Em 1º de Junho de 1942, Dietrich é promovido a General SS (Obergruppenführer). Sua divisão passa a condição de tropa blindada, sendo redesignada 1ª Divisão Panzer SS. No mês de julho volta para a Rússia como força integrante do Grupo de Exércitos Centro. Hitler tratava a 1ª Divisão Panzer SS como sua força tarefa especial, pronta para honrar o nome do Führer em qualquer Teatro de Operações que fosse empregada.

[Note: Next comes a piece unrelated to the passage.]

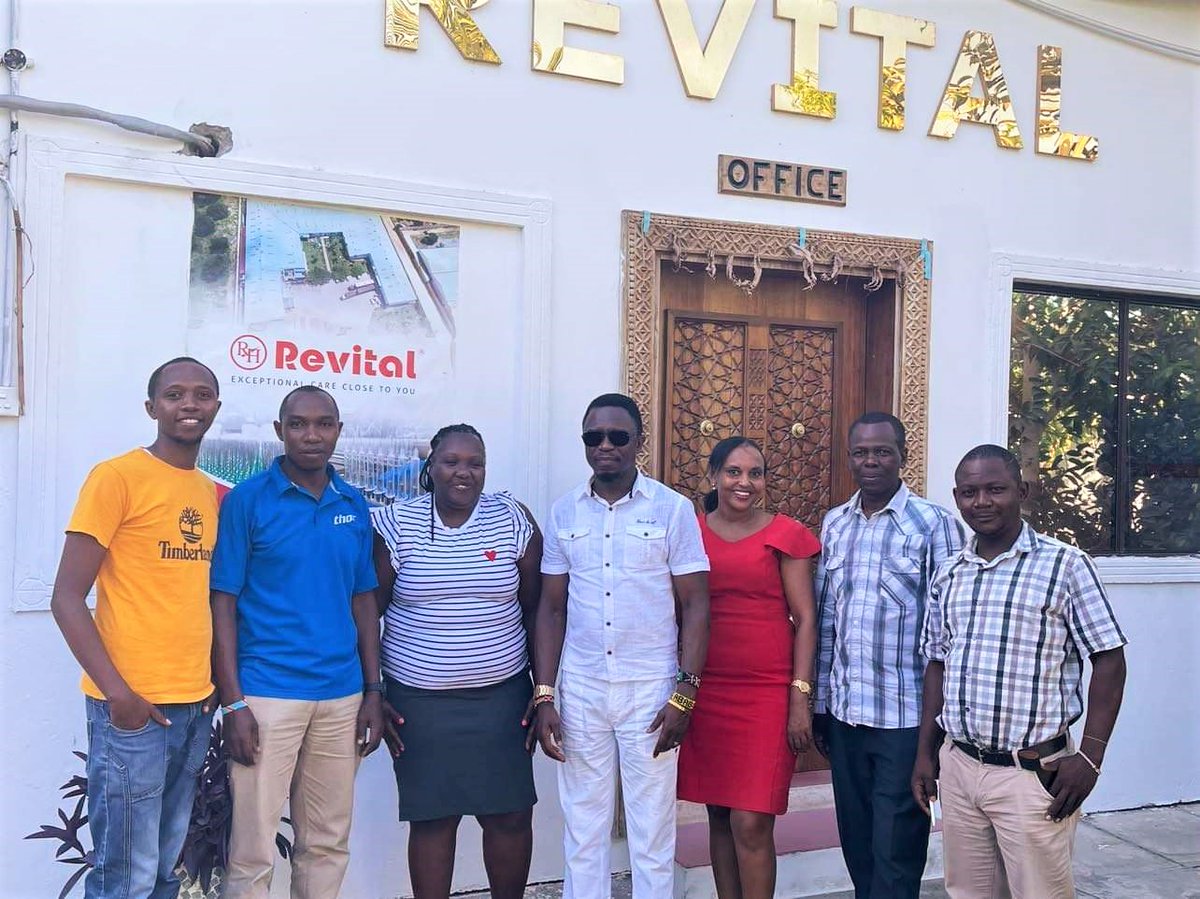 Earlier today, the team was excited to meet Hon <a href="/AbabuNamwamba/">Amb Hon Ababu-Namwamba, EGH🇰🇪</a> , Cabinet Secretary for Youth Affairs, Sports and the Arts who has keen interest in  understanding the potential &amp; capacities that our organization has in manufacturing life saving medical devices .
Asante Mheshimiwa.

Durante sua estada na Rússia as tropas de Dietrich participaram de inúmeros combates, sendo que em Kharkov, Kursk e Kiev sofreram baixas terríveis. Em 1º de agosto de 1944 Sepp Dietrich é promovido a Oberstgruppenführer, a maior patente abaixo apenas do Reichsführer-SS Heinrich Himmler e recebe o comando do 1º Corpo Panzer SS formado das 1ª e 2ª Divisões Panzer SS.

Transferido com sua unidade para a frente ocidental depois do Dia D, assim como as demais formações alemãs não obteve êxito em deter os exércitos aliados na Normandia.

Em outubro de 1944 Dietrich é elevado ao comando do 6º Exército Panzer SS. Seu exército atuou como força de choque na Ofensiva das Ardenas em dezembro de 1944. O 6º Exército Panzer SS era formado por catorze divisões, todas das Waffen-SS. Seu principal objetivo era seguir pelas Ardenas, tomar a cidade rodo-ferroviária de Malmedy, cruzar as pontes sobre o rio Mosa e capturar o porto de Antuérpia, vital para o reabastecimento das tropas aliadas.

Para alcançar tais objetivos o 6º precisou empregar grande velocidade. Como ponta de lança foram organizadas duas colunas; uma seguiria pelo flanco esquerdo liderada pela 1ª Divisão Panzer SS (Leibstandarte) seguida pelas 16ª e 17ª Divisões Panzergranadeiras SS. Na coluna da direita encontrava-se o 2º Grupo Panzer de Bittrich que concentrava a maior parte das divisões blindadas. Sua missão: dar proteção de flanco contra possíveis ataques do 1º ou do 9º Exércitos americanos.

Espalhando uma onda de terror em seu avanço, as divisões SS levaram à derrota todas as unidades norte-americanas que se puseram em seu caminho. A coluna da 1ª Divisão Panzer nas proximidades de Malmedy protagonizou em 17 de dezembro outro crime de guerra, fuzilando mais de 80 soldados aliados que haviam sido feitos prisioneiros.

Depois de dias de triunfo, os céus sobre a Bélgica tornaram-se favoráveis ao emprego da aviação e as colunas do 6º Ex Panzer SS foram detidos pela força aérea aliada. Após o fracasso da Ofensiva das Ardenas, Dietrich e seu exército foram enviados para a Hungria a fim de deter o avanço do Exército Vermelho. Depois de quase perder as 1ª e 2ª Divisões próximo ao Lago Balaton, ele começou a recuar cedendo terreno aos soviéticos. Hitler o amaldiçoou por isso, exigindo de volta suas condecorações. Dietrich e seus oficiais superiores enviaram suas medalhas ao Führer em Berlim dentro de um urinol.